Task item:
In the listing below, find the line with "在全市违规吃喝专项整治动员部署会上的主持讲话" and copy every line from there up to and including the line with "HPCMW3444752和平精英账号详情图43", exactly and without pictures.

Exercise materials:
============

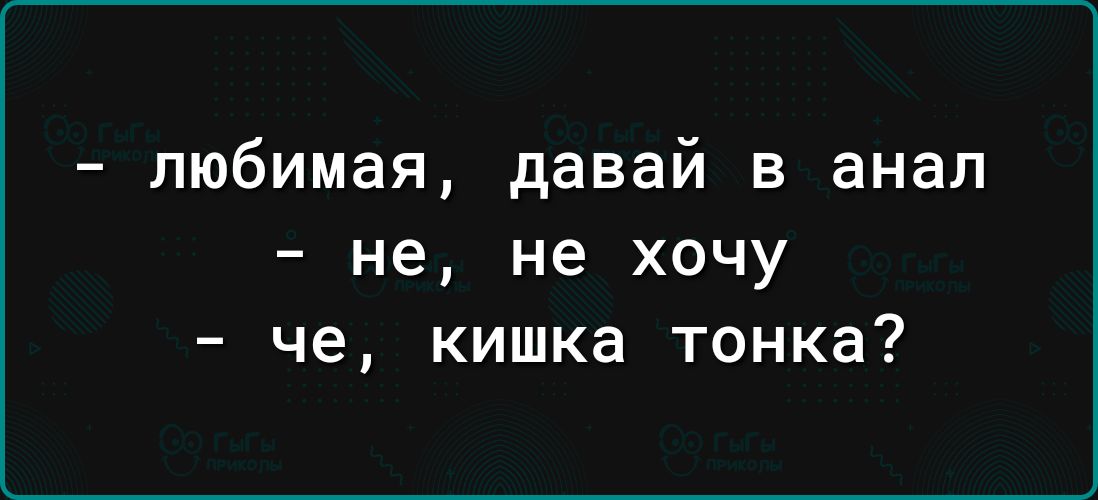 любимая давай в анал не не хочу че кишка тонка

============

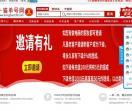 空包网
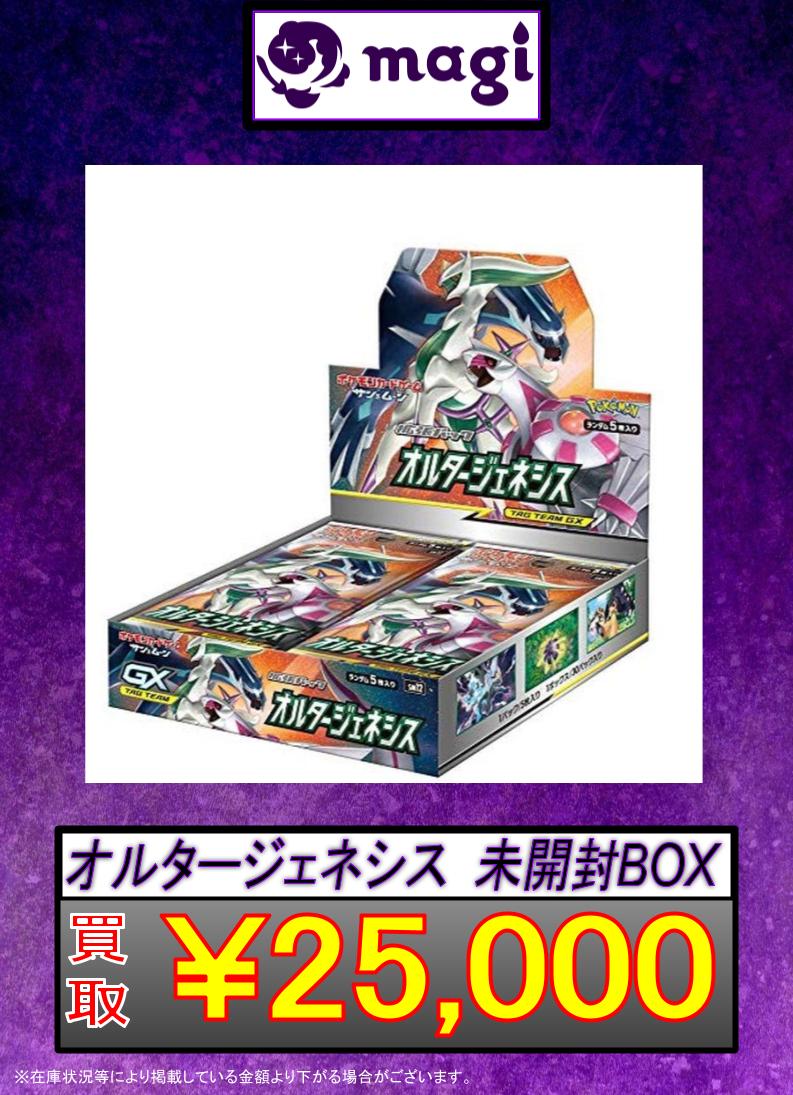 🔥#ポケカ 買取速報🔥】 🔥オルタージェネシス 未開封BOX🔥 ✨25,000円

============

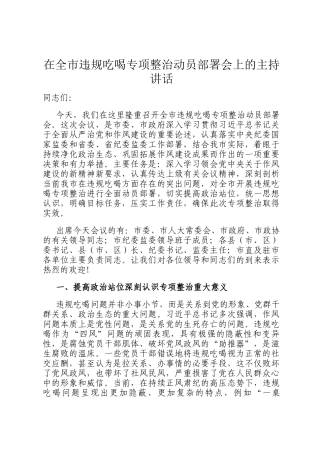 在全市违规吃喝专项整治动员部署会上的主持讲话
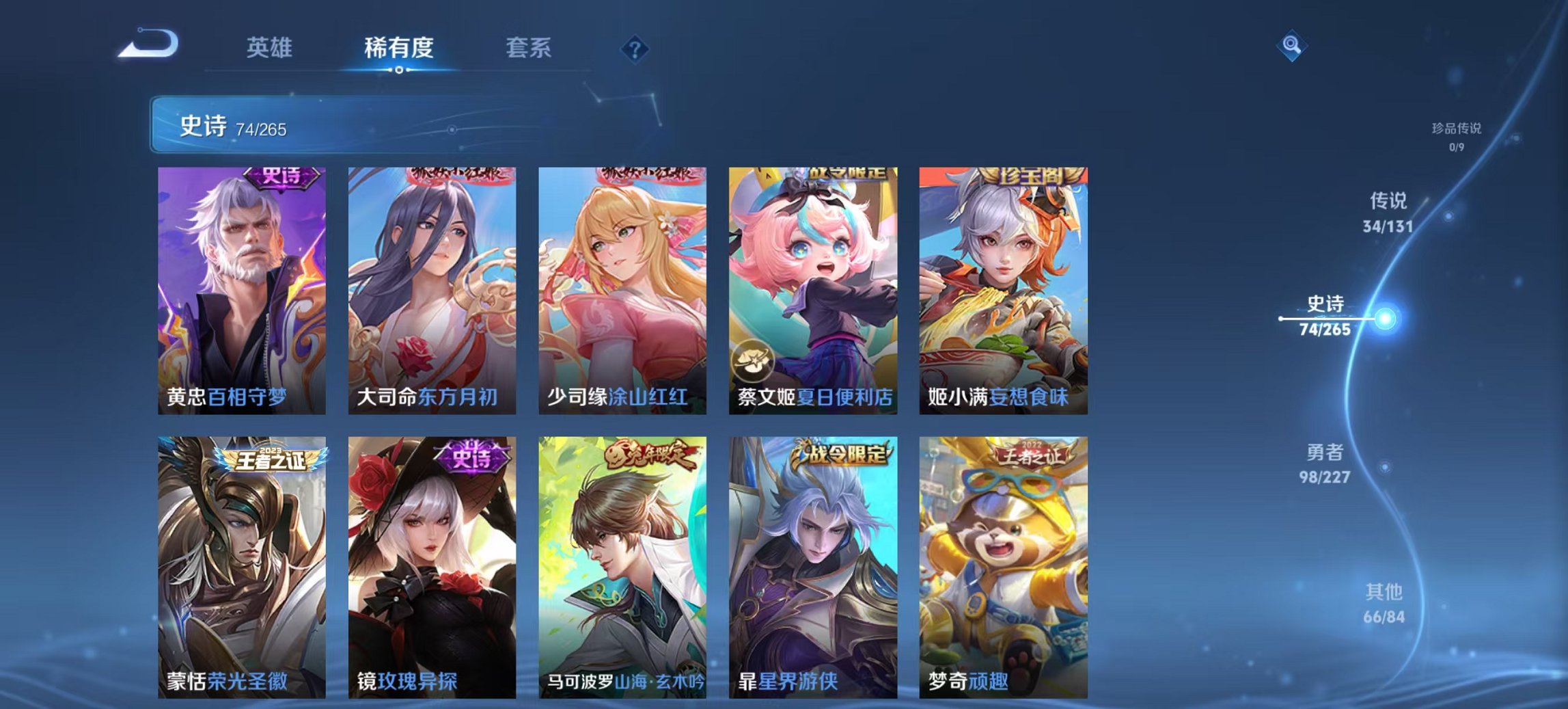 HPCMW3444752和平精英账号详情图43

============

Task response:
 在全市违规吃喝专项整治动员部署会上的主持讲话
 HPCMW3444752和平精英账号详情图43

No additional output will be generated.